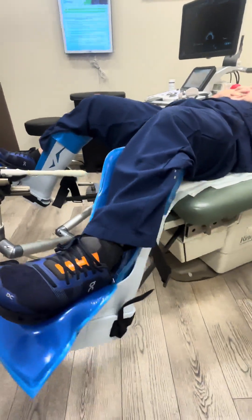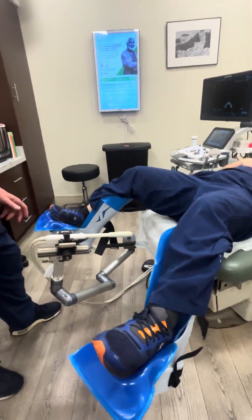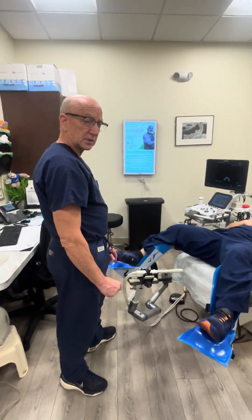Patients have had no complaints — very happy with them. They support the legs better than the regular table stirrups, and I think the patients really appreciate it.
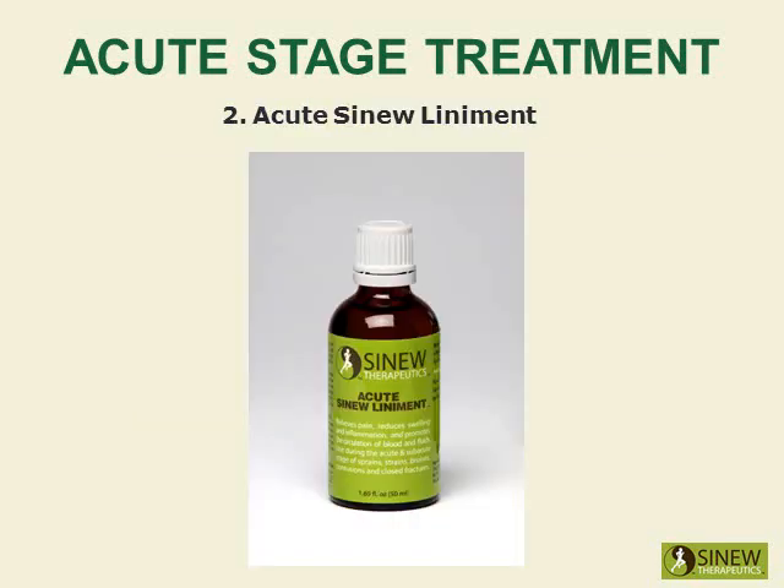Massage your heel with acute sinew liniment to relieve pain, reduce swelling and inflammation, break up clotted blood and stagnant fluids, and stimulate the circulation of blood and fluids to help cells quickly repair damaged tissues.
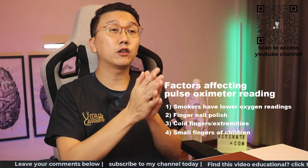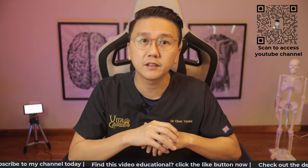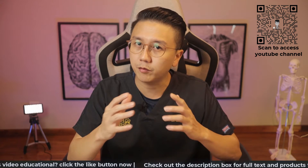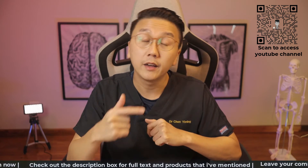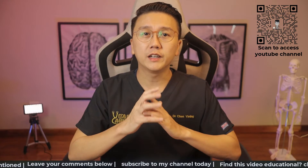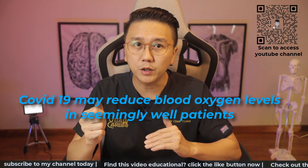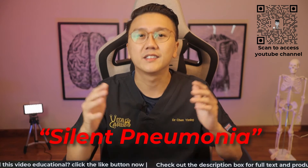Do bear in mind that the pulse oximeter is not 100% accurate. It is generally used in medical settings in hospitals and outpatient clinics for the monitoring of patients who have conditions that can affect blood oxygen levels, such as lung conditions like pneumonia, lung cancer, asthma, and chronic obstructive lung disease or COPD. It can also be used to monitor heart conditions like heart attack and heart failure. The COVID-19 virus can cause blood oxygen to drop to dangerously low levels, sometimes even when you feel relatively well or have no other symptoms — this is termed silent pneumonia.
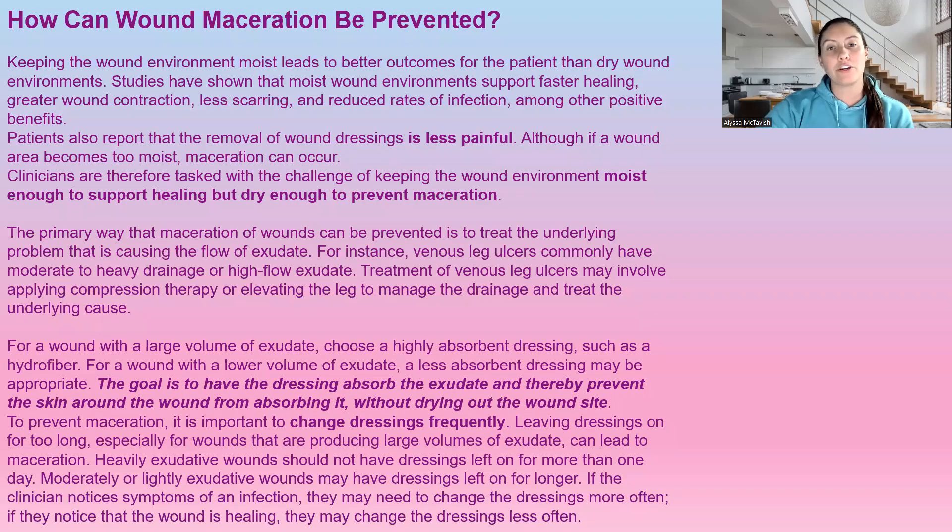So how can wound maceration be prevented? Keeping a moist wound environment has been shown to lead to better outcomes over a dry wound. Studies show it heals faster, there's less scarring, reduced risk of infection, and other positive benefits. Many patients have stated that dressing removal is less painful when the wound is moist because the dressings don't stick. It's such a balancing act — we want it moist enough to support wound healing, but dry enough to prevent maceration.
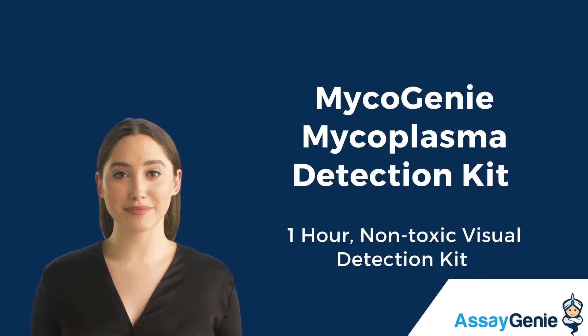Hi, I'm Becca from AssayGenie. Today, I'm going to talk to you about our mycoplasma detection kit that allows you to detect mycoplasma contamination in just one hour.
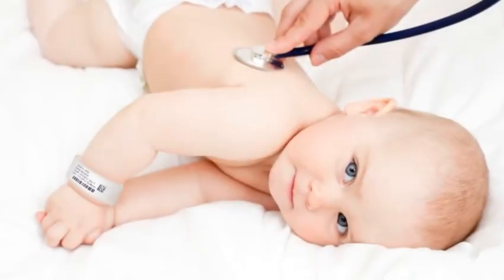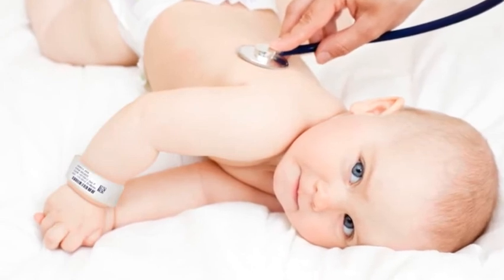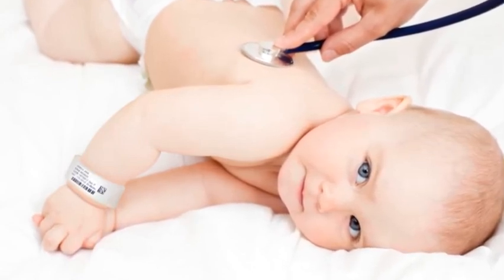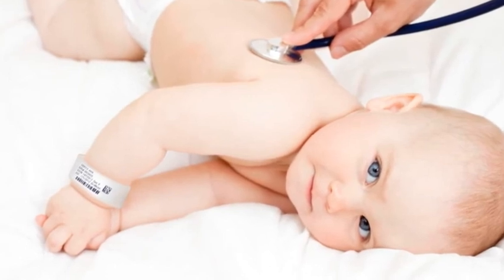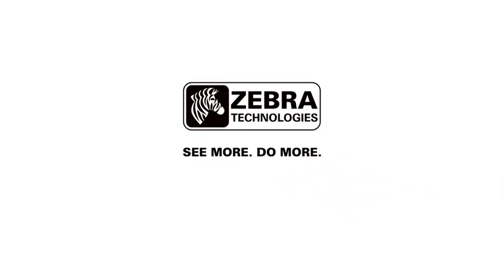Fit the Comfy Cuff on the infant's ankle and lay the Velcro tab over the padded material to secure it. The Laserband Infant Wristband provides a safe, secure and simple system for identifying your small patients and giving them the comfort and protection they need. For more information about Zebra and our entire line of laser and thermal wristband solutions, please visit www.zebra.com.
#####
▸ Assignment
Repeat, line for line and exactly, the material from its first line through the line that contains "So how can wound", both ends included; no pictures belong in the copy.

▸ Your response
Patients have had no complaints — very happy with them. They support the legs better than the regular table stirrups, and I think the patients really appreciate it.
Massage your heel with acute sinew liniment to relieve pain, reduce swelling and inflammation, break up clotted blood and stagnant fluids, and stimulate the circulation of blood and fluids to help cells quickly repair damaged tissues.
Do bear in mind that the pulse oximeter is not 100% accurate. It is generally used in medical settings in hospitals and outpatient clinics for the monitoring of patients who have conditions that can affect blood oxygen levels, such as lung conditions like pneumonia, lung cancer, asthma, and chronic obstructive lung disease or COPD. It can also be used to monitor heart conditions like heart attack and heart failure. The COVID-19 virus can cause blood oxygen to drop to dangerously low levels, sometimes even when you feel relatively well or have no other symptoms — this is termed silent pneumonia.
So how can wound maceration be prevented? Keeping a moist wound environment has been shown to lead to better outcomes over a dry wound. Studies show it heals faster, there's less scarring, reduced risk of infection, and other positive benefits. Many patients have stated that dressing removal is less painful when the wound is moist because the dressings don't stick. It's such a balancing act — we want it moist enough to support wound healing, but dry enough to prevent maceration.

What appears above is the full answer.